- _What the exercise asks_
Reproduce the data below word for word, setting aside any picture it holds.

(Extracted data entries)
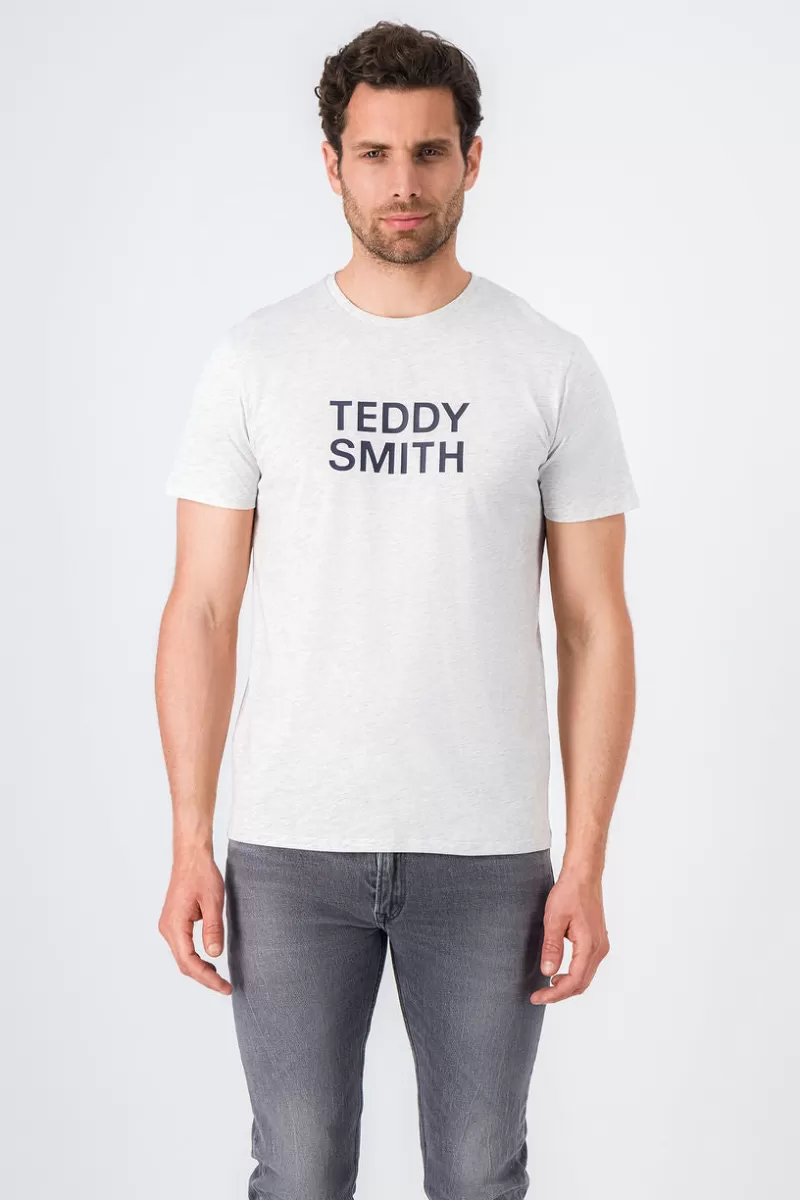 Teddy Smith T-shirt<T-shirt col rond manches longues TICLASS BASIC ML WHITE MELANGE/NAVY WHITEMELANGE/NAVY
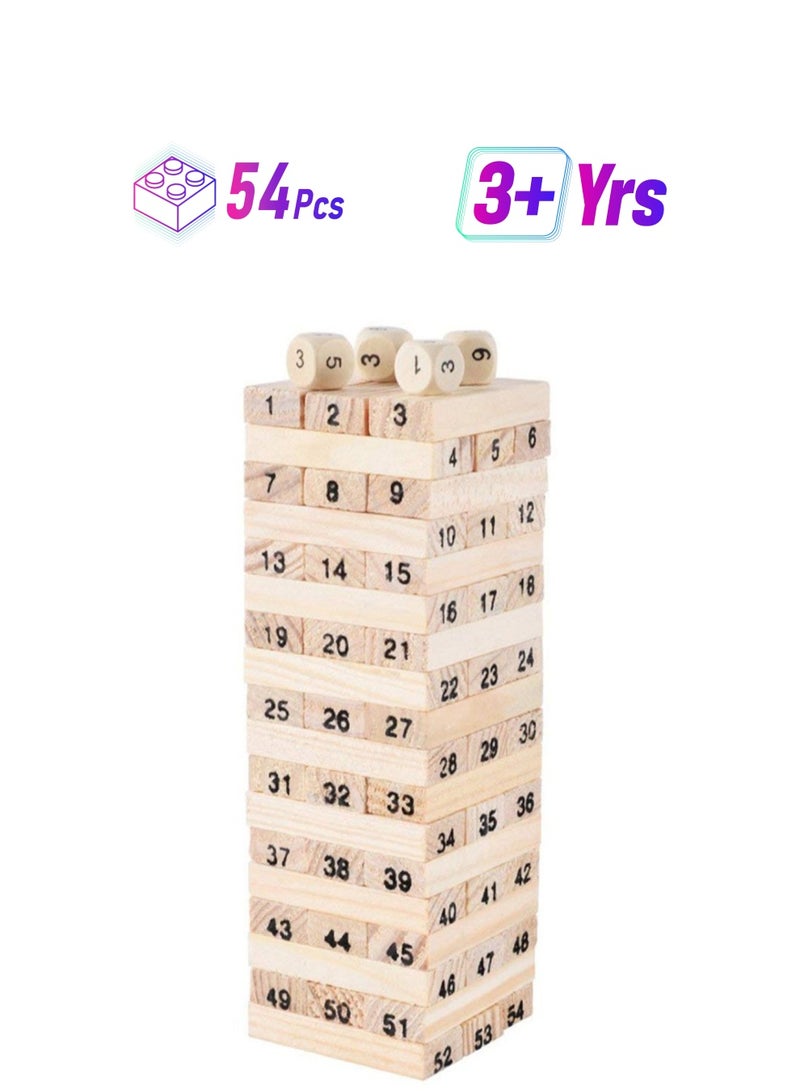 يونيك طقم مكعبات دومينو خشبية لإنشاء برج من 54 قطعة 54 - Image 1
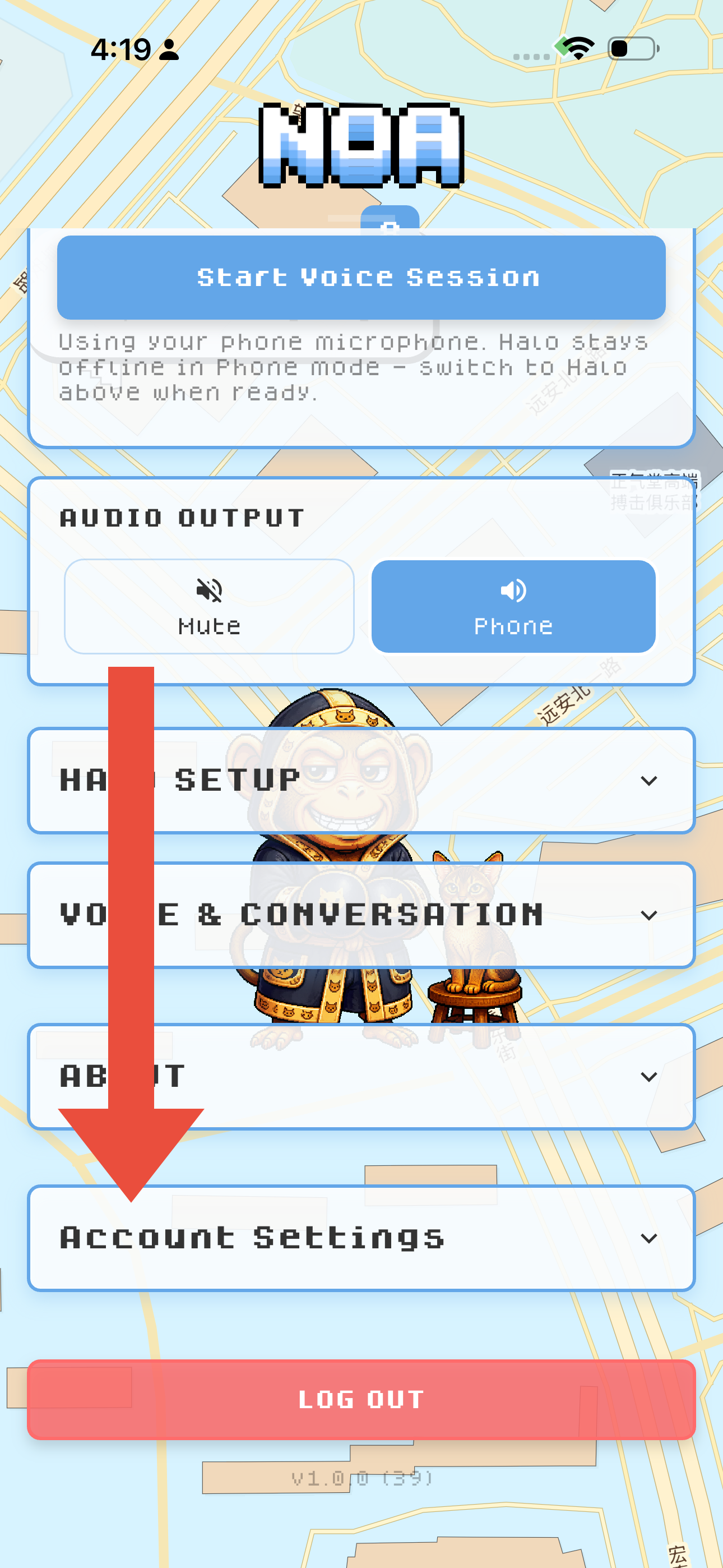 How to open account settings
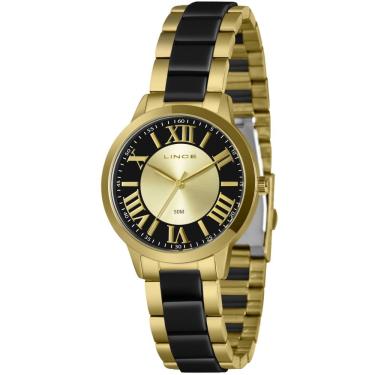 Imagem de Relógio LINCE feminino analógico dourado preto LRT4793L38 C3KP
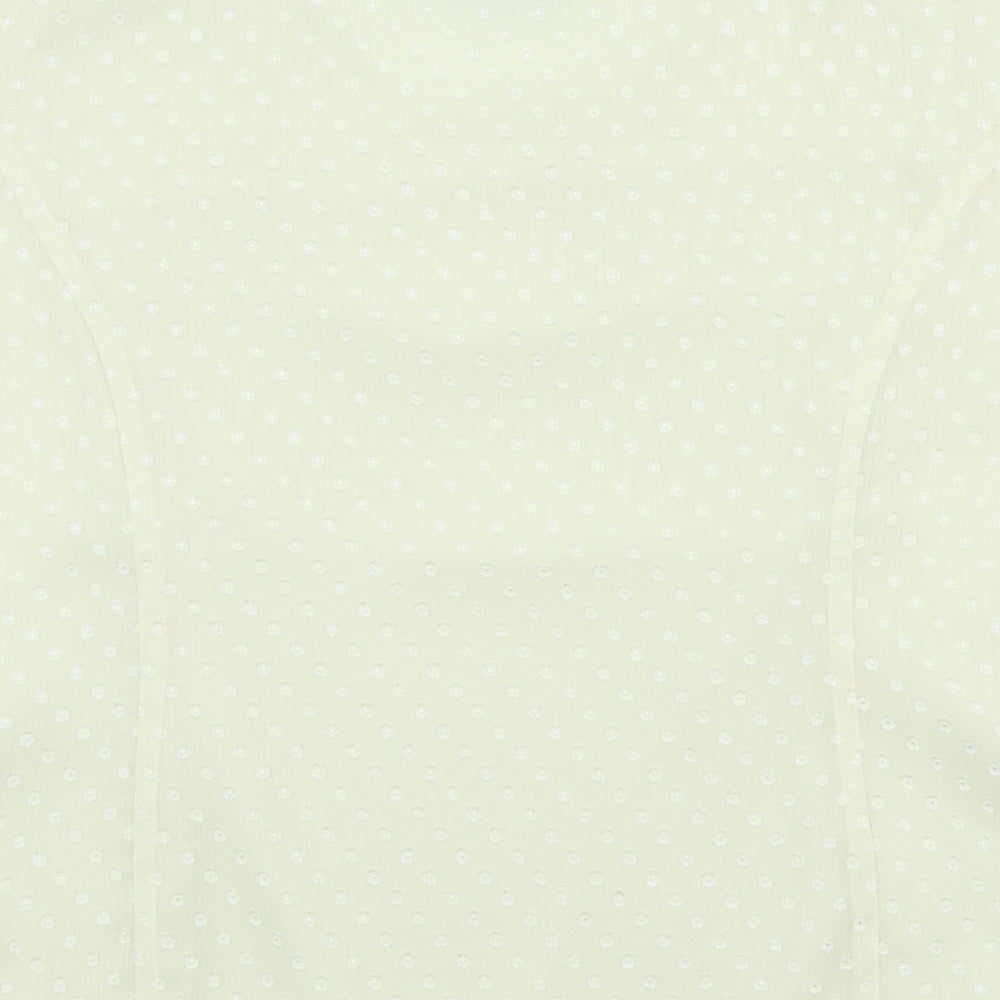 Jacques Vert Womens Ivory Polyester Basic T-Shirt Size 20 Scoop Neck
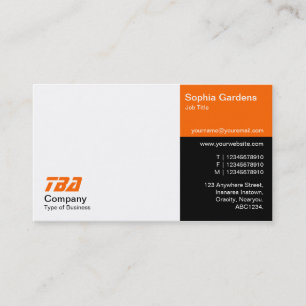 Draußen - weiß, orange und schwarz visitenkarte
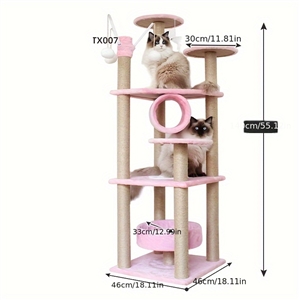 Tall Cats Sturdy House Towers Large Cat Climbing Tree Cat Mansion Cat Scratching Post With Bed Cat Climbing Shelves - Pink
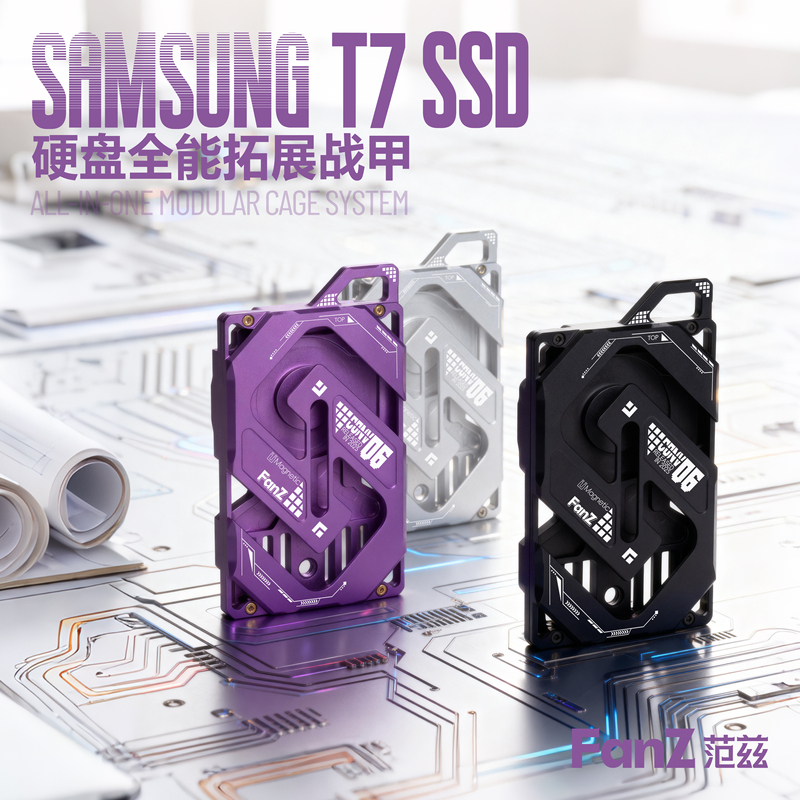 Fanz Samsung T7 Ssd Hard Drive All-In-One Expansion/1/4 Arri Positioning/Magsafe Magnetic Suction/Protective Case D3 Fanz Samsung T7 Ssd Hard Drive All-In-One Expansion/1/4 Arri Positioning/Magsafe Magnetic Suction/Protective Case D3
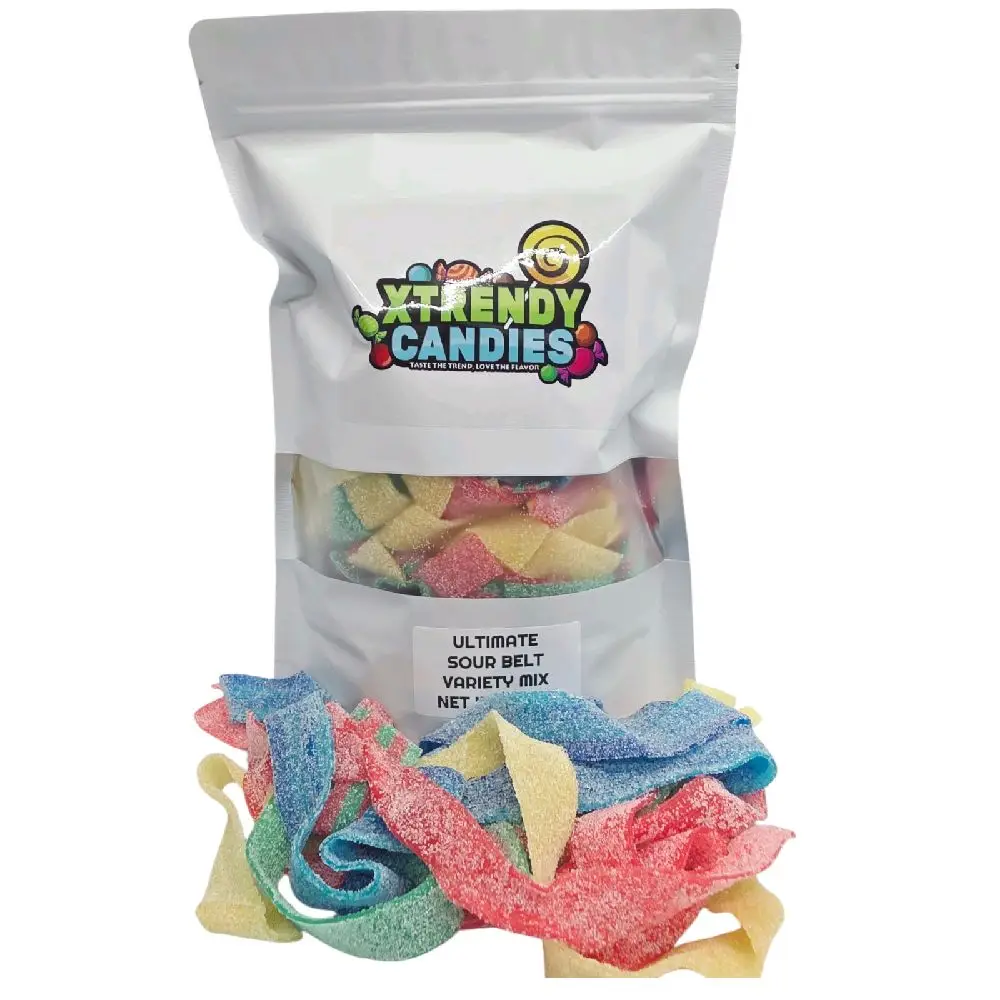 Sour Power 1 Pound Flavored Sour Candy Belts Vegetarian, Deliciously Sour, Fresh & Chewy, 8 Mouth Watering Flavors Mix Variety- Snack, Sweet Candies B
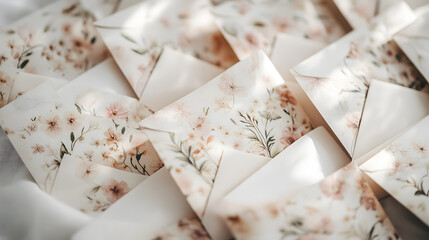 Romantic love letters sealed in envelopes with intricate floral designs, soft pastel colors, and elegant handwritten text.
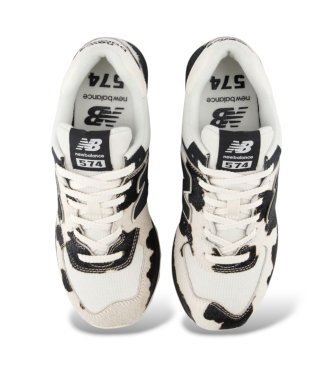 New Balance Sneakers van leer 574 met wit-zwarte print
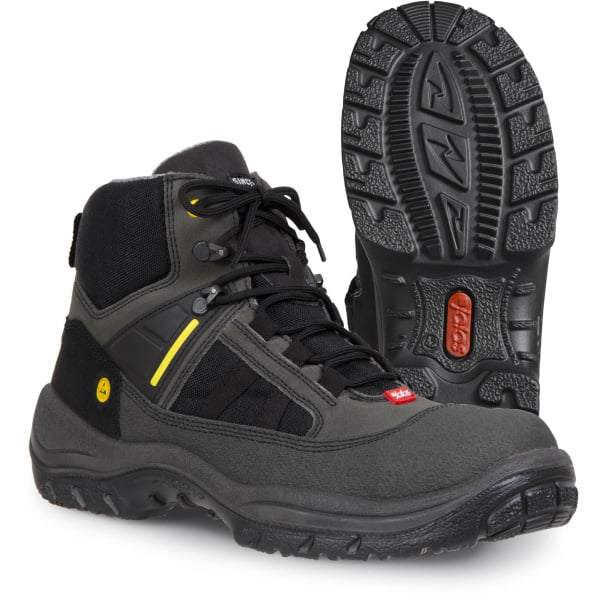 Bocanci până la gleznă din piele acoperită cu pu, material textil,  încălţăminte de protecţie bombeu aluminiu jalas grip 3150 trek grip, protecție s2,hro,srb, mărimi 36 – 47, culoare negru,gri,galben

- _Response to the exercise_
 Teddy Smith T-shirt<T-shirt col rond manches longues TICLASS BASIC ML WHITE MELANGE/NAVY WHITEMELANGE/NAVY
 يونيك طقم مكعبات دومينو خشبية لإنشاء برج من 54 قطعة 54 - Image 1
 How to open account settings
 Imagem de Relógio LINCE feminino analógico dourado preto LRT4793L38 C3KP
 Jacques Vert Womens Ivory Polyester Basic T-Shirt Size 20 Scoop Neck
 Draußen - weiß, orange und schwarz visitenkarte
 Tall Cats Sturdy House Towers Large Cat Climbing Tree Cat Mansion Cat Scratching Post With Bed Cat Climbing Shelves - Pink
 Fanz Samsung T7 Ssd Hard Drive All-In-One Expansion/1/4 Arri Positioning/Magsafe Magnetic Suction/Protective Case D3 Fanz Samsung T7 Ssd Hard Drive All-In-One Expansion/1/4 Arri Positioning/Magsafe Magnetic Suction/Protective Case D3
 Sour Power 1 Pound Flavored Sour Candy Belts Vegetarian, Deliciously Sour, Fresh & Chewy, 8 Mouth Watering Flavors Mix Variety- Snack, Sweet Candies B
 Romantic love letters sealed in envelopes with intricate floral designs, soft pastel colors, and elegant handwritten text.
 New Balance Sneakers van leer 574 met wit-zwarte print
 Bocanci până la gleznă din piele acoperită cu pu, material textil,  încălţăminte de protecţie bombeu aluminiu jalas grip 3150 trek grip, protecție s2,hro,srb, mărimi 36 – 47, culoare negru,gri,galben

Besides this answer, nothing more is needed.